Shell Oil Rig Leaves Seattle As Kayakers Protest

Protesters in kayaks dogged Royal Dutch Shell’s huge oil drilling rig Polar Pioneer as it sailed out of Seattle’s Elliott Bay early Monday on a long voyage to the Arctic Ocean.

Dozens used kayaks to form lines in front of the 300-foot-tall rig as it left under heavy Coast Guard escort.

The Coast Guard said 13 protesters were detained. They included Seattle City Councilmember Mike O'Brien. The detainees and their boats were released at the Coast Guard station in south Seattle.

Royal Dutch Shell has federal permission to drill for a brief window of time -- the Arctic summer.

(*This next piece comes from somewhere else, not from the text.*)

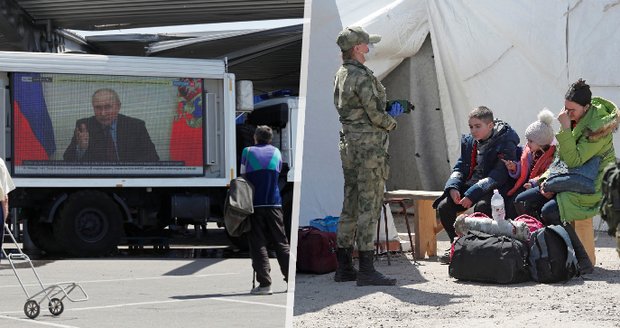 Elektrošoky a rány do břicha: Ukrajinci si ve filtračních táborech procházejí peklem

Protesters hoped their efforts to block or slow down the departure from the Port of Seattle would cut that time even shorter.

The Polar Pioneer had been at the port since mid-May. Its arrival in environmentally minded Seattle sparked protests and government scrutiny at various levels. The city of Seattle said Shell didn’t have the proper permits to dock at Terminal 5 in West Seattle. State officials said the parking the rig there violated the state constitution.

Shell rejected those arguments and said the rig would stay until it was ready for the trip to the Chukchi Sea off Alaska’s Arctic coast for exploratory drilling.

It might bring a second rig here as well and planned to keep one or both of the rigs in Seattle from November through next June as well.

Shell spokesman Curtis Smith said Monday that the rig is on its way to Alaska and the company remains "committed to operating in a safe, environmentally responsible manner."

O’Brien doesn’t believe it.

“We’ve already heard from the Coast Guard that they’re something like 2,000 miles away and can’t respond to a disaster up there," he told KUOW. "We’ve heard the government say there’s a high likelihood that there will be an oil spill."

And O’Brien said opponents of Arctic drilling would pursue legal action “to make it clear that that rig cannot be back in Seattle.”

But were the protesters on Monday more than a tiny speed bump on the way to Alaska?

“Maybe we caused them a few hours of delay this morning,” O’Brien said.